Yep, gotta be a bug. I see it as well.
This is caused by the following lines in lib/Mail/SpamAssassin/SQLBasedAddrList.pm while ( defined($aryref = $sth->fetchrow_arrayref()) ) { if (defined $entry->{count} && defined $aryref->[1]) { $entry->{count} += $aryref->[0]; $entry->{totscore} += $aryref->[1]; } When a message is signed by multiple domains, $entry->{count} is the total of all rows for those different signers. Then when they get written back to the table, each row's new count value is $entry->{count} + 1. With two signers, this changes the behavior from (n + 1) to (2n + 1), meaning you get to that max value after just 31 iterations. For a reproduction, test any message that has multiple valid DKIM signatures from different domains. Not sure how to fix it yet, since it's pretty deep into SQLBasedAddrList and that count value is used in many places throughout txrep.

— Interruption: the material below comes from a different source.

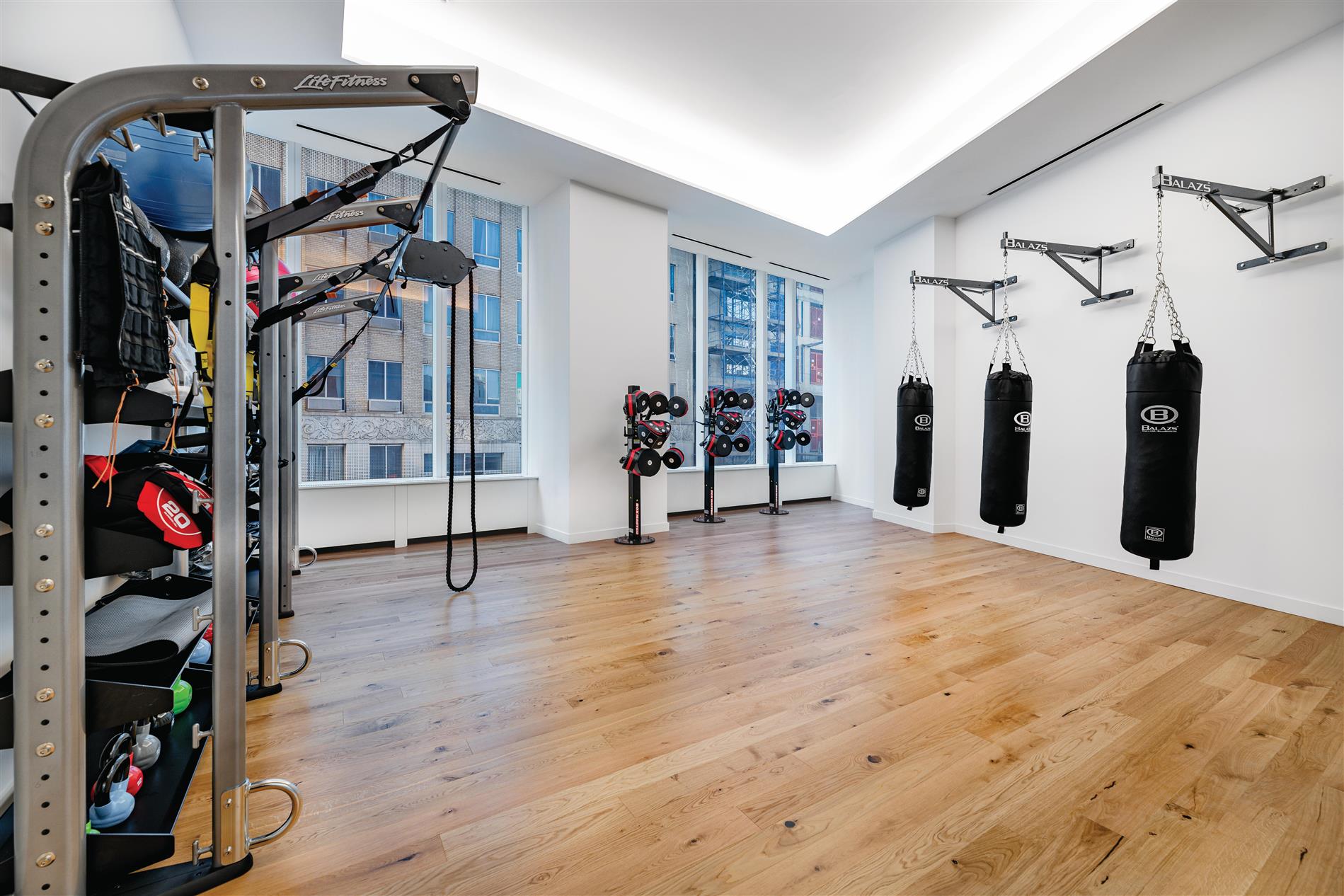 Long Island City No Fee WD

Presumably $entry->{count} is needed for the calculation, but the individual counts should be separately incremented in the database. The currently behaviour is only right for a single row.
Due to the number of places that would have to be touched in order to properly handle the fact that multiple reputation rows match the message, as a workaround for now we'll just use the newest record's data. If anyone wants to put the time into a better fix, feel free. Committed revision 1698165.